[PATCH] preemptive kernel behavior change: don't be rude

From: Robert Love (rml@tech9.net)
Date: Thu Apr 04 2002 - 19:03:49 EST


On Thu, 2002-04-04 at 18:55, Linus Torvalds wrote:
> Fair enough. Send me a patch to look at.

Linus et all,

Here we go:

- do not manually set task->state
- instead, in preempt_schedule, set a flag in preempt_count that
  denotes that this task is entering schedule off a kernel preemption.
- use this flag in schedule to jump to pick_next_task
- in preempt_schedule, upon return from schedule, unset the flag
- have entry.S just call preempt_schedule and not duplicate this work,
  as Linus suggested. I agree. Note this makes debugging easier as
  we keep a single point of entry for kernel preemptions.

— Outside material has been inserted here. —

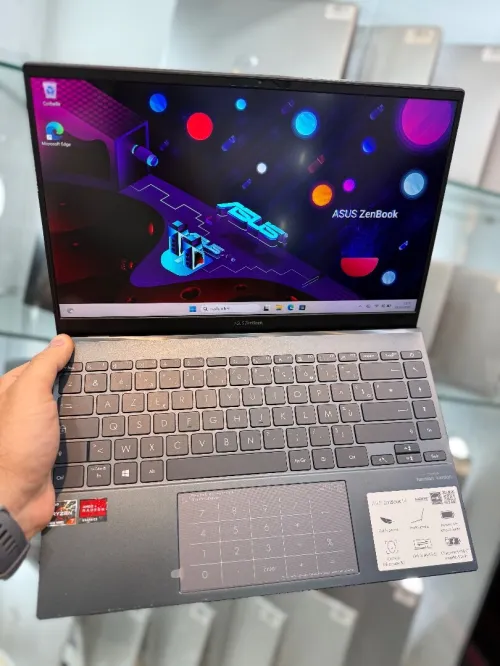 Asus ZenBook 14 FHD - Ryzen 7 4700U - 16Go - 256Go - AMD Radeon Graphics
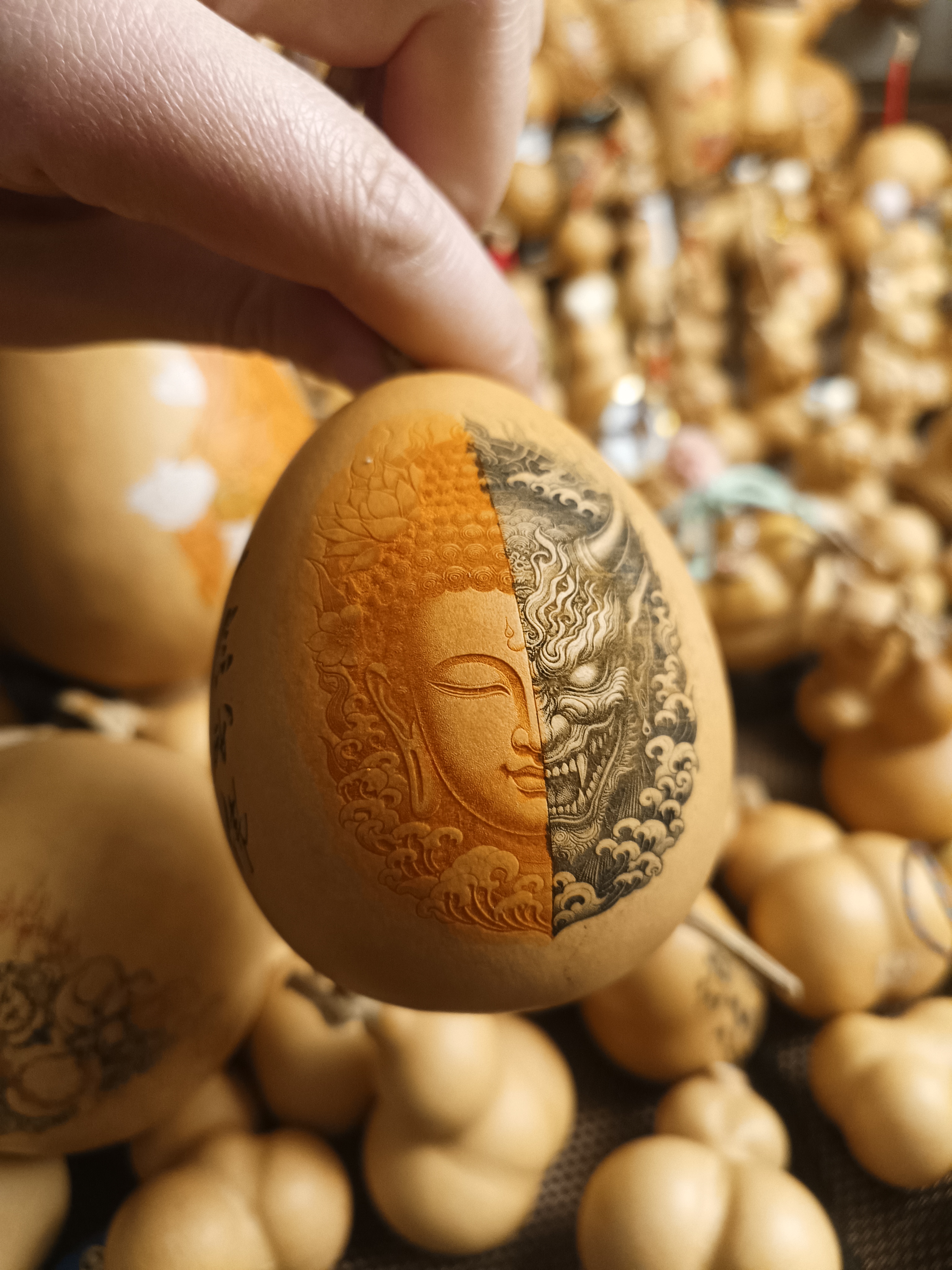 葫芦文玩一面佛一面魔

The result: we can safely preempt non-TASK_RUNNING tasks. If one is
preempted, we can safely survive schedule because we won't handle the
special casing of non-TASK_RUNNING at the top of schedule. Thus other
tasks can run as desired and our non-TASK_RUNNING task will eventually
be rescheduled, in its original state, and complete happily.

This is the behavior we have in the 2.4 patches and 2.5 until
~2.5.6-pre. This works. It requires no other changes elsewhere (it
actually removes some special-casing Ingo did in the signal code).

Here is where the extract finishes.